RE: Dr. Craig is a liar.
April 25, 2016 at 9:35 am
(This post was last modified: April 25, 2016 at 9:37 am by SteveII.)
(April 24, 2016 at 8:25 am)Jehanne Wrote:(April 24, 2016 at 7:44 am)SteveII Wrote: The Hartle-Hawkings model does not answer the question of explanation. It is just another theory with a boundary.
The Universe would just BE. Read the first paragraph from the article:
Quote:Hartle and Hawking suggest that if we could travel backward in time toward the beginning of the universe, we would note that quite near what might have otherwise been the beginning, time gives way to space such that at first there is only space and no time. Beginnings are entities that have to do with time; because time did not exist before the Big Bang, the concept of a beginning of the universe is meaningless. According to the Hartle–Hawking proposal, the universe has no origin as we would understand it: the universe was a singularity in both space and time, pre-Big Bang. Thus, the Hartle–Hawking state universe has no beginning, but it is not the steady state universe of Hoyle; it simply has no initial boundaries in time nor space.[1]
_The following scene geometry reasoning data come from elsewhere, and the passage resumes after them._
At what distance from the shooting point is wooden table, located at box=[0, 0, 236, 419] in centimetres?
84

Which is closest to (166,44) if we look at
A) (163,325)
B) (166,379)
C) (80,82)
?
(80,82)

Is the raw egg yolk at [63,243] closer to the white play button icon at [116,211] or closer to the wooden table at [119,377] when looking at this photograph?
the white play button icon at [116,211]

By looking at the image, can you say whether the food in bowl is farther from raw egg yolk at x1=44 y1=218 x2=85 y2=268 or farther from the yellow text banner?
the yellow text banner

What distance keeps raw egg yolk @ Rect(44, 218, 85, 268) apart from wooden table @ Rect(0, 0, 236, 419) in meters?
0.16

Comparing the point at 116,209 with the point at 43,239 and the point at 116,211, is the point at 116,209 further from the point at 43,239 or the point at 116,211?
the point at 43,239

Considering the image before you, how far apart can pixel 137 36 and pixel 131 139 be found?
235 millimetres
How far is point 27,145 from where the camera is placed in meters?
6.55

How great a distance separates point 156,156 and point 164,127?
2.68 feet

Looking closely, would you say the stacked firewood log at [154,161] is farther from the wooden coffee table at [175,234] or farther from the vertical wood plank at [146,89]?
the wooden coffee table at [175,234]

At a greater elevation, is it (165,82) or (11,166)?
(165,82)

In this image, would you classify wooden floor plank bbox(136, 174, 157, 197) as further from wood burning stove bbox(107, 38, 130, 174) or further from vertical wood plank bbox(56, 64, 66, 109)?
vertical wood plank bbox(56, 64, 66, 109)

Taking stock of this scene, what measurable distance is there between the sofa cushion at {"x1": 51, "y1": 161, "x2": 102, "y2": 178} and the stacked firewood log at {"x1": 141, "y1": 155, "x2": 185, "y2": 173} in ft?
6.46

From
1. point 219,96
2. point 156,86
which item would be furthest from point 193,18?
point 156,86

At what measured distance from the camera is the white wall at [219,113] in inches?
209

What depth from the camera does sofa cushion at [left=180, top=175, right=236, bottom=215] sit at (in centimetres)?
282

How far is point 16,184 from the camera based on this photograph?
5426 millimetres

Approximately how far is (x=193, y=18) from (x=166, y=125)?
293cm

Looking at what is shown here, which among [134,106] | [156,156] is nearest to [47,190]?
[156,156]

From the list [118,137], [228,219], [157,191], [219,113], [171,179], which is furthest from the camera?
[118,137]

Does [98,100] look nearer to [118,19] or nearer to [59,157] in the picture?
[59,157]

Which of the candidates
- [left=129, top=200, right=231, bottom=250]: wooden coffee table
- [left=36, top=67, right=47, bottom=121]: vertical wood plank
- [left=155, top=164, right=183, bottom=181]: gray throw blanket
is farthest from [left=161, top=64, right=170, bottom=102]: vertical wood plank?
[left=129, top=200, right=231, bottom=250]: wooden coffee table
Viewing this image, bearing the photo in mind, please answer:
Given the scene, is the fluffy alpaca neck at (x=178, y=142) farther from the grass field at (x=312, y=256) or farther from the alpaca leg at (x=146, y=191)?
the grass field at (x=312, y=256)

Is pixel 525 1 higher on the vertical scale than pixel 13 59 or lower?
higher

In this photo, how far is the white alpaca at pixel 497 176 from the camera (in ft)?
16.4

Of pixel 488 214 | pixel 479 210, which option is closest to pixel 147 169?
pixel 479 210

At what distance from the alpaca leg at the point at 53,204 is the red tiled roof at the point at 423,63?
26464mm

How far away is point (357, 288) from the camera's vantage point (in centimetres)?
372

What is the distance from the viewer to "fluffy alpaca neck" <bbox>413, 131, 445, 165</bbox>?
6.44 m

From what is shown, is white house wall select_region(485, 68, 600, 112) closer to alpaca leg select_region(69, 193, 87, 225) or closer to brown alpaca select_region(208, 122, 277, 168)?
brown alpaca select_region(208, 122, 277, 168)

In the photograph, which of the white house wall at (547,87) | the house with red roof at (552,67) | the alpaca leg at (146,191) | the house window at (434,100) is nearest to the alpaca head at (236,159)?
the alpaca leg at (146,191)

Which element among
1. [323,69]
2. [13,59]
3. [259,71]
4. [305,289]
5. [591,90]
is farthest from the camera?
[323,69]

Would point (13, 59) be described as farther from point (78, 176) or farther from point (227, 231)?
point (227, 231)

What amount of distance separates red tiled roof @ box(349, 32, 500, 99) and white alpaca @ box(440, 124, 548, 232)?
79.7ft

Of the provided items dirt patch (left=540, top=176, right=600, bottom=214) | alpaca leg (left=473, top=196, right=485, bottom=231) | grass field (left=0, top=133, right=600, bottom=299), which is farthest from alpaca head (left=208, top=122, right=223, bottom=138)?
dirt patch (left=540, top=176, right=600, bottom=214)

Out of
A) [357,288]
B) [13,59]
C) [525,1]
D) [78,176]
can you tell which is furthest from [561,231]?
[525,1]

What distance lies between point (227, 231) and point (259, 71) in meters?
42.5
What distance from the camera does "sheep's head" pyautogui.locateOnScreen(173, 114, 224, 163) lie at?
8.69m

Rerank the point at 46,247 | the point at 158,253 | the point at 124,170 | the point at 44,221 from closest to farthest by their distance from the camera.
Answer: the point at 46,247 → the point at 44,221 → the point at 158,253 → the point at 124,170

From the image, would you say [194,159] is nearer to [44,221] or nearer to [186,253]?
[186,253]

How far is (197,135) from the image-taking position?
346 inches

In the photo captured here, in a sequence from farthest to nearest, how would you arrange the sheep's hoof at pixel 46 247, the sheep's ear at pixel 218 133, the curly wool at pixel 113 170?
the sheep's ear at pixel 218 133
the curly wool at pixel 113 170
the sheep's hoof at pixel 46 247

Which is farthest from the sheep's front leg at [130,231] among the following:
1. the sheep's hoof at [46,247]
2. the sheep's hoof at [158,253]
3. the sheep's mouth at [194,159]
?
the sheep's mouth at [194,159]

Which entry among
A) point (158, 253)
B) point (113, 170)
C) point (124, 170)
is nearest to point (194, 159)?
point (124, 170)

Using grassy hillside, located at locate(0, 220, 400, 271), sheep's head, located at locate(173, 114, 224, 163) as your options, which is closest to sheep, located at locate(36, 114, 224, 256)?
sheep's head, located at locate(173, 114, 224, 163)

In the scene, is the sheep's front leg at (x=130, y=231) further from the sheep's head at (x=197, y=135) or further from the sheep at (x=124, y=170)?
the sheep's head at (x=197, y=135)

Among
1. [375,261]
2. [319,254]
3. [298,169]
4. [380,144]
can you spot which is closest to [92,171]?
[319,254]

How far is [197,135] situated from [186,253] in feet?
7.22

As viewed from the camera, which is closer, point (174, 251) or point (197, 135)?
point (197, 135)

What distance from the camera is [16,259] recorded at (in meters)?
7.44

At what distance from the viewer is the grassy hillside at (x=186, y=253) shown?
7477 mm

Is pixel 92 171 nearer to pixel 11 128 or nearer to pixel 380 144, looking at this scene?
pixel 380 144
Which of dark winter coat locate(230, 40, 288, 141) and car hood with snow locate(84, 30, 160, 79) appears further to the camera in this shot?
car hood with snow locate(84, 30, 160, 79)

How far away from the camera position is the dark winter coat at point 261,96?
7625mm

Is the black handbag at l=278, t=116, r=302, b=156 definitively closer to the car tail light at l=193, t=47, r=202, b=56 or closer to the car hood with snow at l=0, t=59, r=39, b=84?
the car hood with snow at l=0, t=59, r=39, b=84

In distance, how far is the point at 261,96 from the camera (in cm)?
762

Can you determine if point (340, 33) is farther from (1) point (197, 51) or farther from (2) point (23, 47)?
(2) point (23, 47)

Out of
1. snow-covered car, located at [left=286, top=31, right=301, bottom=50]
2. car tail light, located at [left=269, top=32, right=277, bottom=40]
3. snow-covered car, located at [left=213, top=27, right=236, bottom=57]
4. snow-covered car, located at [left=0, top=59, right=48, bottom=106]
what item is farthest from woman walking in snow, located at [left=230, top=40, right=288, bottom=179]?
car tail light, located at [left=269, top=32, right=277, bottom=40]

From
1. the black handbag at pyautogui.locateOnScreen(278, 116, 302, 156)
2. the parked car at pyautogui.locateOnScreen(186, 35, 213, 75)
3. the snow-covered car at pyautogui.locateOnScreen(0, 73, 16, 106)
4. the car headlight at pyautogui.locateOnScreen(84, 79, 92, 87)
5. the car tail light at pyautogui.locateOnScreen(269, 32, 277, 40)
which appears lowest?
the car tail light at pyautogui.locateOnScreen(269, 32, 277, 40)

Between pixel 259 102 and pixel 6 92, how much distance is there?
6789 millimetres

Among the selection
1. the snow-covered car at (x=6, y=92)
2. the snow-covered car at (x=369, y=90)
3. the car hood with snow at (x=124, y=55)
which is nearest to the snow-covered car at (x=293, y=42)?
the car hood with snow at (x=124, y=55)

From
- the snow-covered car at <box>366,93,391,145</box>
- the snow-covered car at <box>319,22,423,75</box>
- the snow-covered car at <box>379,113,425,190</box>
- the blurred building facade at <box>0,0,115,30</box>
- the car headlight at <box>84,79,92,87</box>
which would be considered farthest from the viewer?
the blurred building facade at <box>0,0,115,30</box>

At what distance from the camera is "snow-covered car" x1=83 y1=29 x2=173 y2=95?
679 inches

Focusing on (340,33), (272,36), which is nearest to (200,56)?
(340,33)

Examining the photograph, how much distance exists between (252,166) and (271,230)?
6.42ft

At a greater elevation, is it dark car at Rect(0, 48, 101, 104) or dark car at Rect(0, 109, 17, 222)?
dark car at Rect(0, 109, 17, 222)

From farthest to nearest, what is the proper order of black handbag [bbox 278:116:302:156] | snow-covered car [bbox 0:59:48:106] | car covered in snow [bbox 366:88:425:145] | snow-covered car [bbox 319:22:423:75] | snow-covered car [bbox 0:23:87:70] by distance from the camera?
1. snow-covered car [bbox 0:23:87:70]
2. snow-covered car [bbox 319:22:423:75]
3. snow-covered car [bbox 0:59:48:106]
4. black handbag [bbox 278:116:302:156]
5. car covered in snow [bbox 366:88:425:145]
In this sense, the Universe is its own cause because even though it is finite, it had no beginning. Therefore, the Universe is a "necessary entity" with no need for its explanation; even though it is finite, it has always existed.
Your summation make no sense. Our universe is either infinite or finite.
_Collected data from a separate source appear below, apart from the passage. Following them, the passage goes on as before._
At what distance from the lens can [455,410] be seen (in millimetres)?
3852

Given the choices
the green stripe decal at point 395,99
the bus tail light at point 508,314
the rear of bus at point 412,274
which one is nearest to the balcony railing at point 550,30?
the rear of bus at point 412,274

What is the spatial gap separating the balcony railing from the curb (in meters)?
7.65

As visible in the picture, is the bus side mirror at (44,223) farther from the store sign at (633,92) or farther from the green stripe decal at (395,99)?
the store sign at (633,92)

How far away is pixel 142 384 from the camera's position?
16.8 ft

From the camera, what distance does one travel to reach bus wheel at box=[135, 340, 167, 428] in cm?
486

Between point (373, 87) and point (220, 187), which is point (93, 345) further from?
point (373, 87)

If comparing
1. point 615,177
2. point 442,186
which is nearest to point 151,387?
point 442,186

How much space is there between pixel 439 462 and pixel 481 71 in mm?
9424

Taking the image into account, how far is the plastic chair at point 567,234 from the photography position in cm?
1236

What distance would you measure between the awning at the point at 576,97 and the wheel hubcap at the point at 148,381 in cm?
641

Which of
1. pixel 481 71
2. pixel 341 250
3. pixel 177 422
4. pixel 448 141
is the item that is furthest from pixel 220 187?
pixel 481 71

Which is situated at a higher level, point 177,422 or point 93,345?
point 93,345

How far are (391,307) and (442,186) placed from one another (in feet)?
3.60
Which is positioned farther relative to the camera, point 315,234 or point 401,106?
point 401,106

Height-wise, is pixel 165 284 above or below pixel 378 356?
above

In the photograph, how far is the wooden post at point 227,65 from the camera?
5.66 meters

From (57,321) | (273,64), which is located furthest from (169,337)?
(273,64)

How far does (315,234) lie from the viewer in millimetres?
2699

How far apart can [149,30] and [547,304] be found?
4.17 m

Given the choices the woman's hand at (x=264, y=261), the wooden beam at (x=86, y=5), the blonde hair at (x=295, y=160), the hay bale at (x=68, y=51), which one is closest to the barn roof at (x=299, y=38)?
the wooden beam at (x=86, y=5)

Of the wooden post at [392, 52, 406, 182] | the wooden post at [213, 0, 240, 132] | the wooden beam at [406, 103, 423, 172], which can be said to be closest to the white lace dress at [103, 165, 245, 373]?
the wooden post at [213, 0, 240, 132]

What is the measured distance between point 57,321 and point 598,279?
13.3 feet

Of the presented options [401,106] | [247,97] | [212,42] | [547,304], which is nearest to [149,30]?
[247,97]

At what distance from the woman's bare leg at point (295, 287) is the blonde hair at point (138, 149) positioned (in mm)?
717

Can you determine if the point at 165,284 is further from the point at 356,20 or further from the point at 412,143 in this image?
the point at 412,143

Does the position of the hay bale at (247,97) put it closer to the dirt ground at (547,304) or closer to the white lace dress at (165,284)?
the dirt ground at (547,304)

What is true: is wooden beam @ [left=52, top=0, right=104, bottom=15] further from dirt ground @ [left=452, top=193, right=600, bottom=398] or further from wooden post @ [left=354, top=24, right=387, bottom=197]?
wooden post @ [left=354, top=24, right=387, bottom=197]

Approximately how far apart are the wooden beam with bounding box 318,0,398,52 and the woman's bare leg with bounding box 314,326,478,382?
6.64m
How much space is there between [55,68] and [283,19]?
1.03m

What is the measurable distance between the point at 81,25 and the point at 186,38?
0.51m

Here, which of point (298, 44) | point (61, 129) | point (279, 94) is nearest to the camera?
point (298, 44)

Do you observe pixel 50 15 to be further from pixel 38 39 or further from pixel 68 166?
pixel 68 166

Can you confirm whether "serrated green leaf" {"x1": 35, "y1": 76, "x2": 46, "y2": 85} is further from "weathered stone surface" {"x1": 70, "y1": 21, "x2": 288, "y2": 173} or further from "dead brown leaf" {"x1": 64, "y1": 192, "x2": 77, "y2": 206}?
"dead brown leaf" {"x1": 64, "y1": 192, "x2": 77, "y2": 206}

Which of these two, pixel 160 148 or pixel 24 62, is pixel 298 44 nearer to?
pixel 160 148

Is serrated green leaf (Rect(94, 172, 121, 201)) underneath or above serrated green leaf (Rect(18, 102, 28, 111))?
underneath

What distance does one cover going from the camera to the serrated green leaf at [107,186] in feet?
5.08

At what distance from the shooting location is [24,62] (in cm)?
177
So, when you didn't get the right answer from Carroll, you moved to Hawkings (with whom Carroll does not agree).
Hawkings uses "imaginary time" in his equations to avoid a singularity. "Only if we could picture the universe in terms of imaginary time would there be no singularities . . . . When one goes back to the real time in which we live, however, there will still appear to be singularities." Brief History of Time, pp. 138-39.
I could not find an explanation of this strategy, so it appears that the only reason to use this "trick" is to stop the time component of space-time before you get back to the singularity and then declares because there was no time, you can't discuss what was before his "time boundary". That still does nothing to answer the question of where did this prior state come from? And what happened that time started up?
If you are claiming that this theory (that many cosmologists disagree with) somehow removes the need for an explanation because causality no longer applies before the imaginary time-induced boundary, it is up to you to defend why despite 100% of our observations indicate its truth and science would not exist without it that you are justified to dismiss it when it is inconvenient.